(Input data Opens)

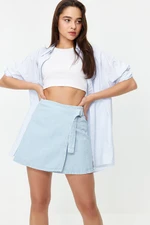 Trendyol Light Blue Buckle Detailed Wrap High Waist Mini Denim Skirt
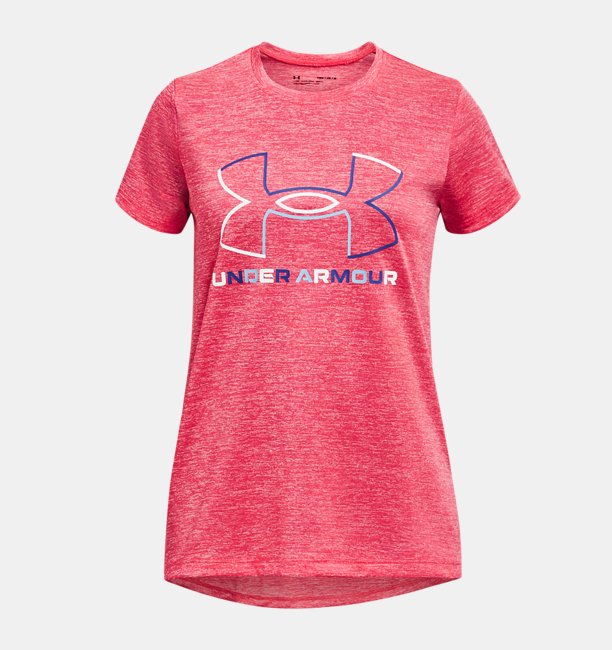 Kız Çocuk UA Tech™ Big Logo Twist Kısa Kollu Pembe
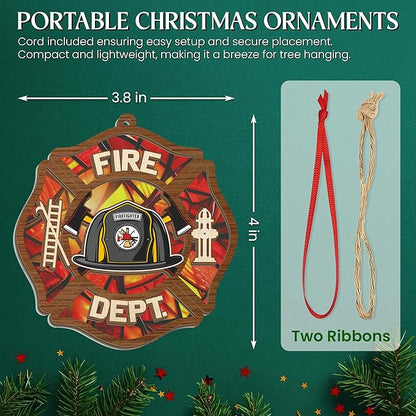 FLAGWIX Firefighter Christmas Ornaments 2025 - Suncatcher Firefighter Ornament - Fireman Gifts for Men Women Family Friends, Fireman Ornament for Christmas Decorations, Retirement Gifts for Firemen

(Input data Closes)

:: Exercise goal ::
Leave out the images and copy all remaining data word for word.

:: Result of this exercise ::
 Trendyol Light Blue Buckle Detailed Wrap High Waist Mini Denim Skirt
 Kız Çocuk UA Tech™ Big Logo Twist Kısa Kollu Pembe
 FLAGWIX Firefighter Christmas Ornaments 2025 - Suncatcher Firefighter Ornament - Fireman Gifts for Men Women Family Friends, Fireman Ornament for Christmas Decorations, Retirement Gifts for Firemen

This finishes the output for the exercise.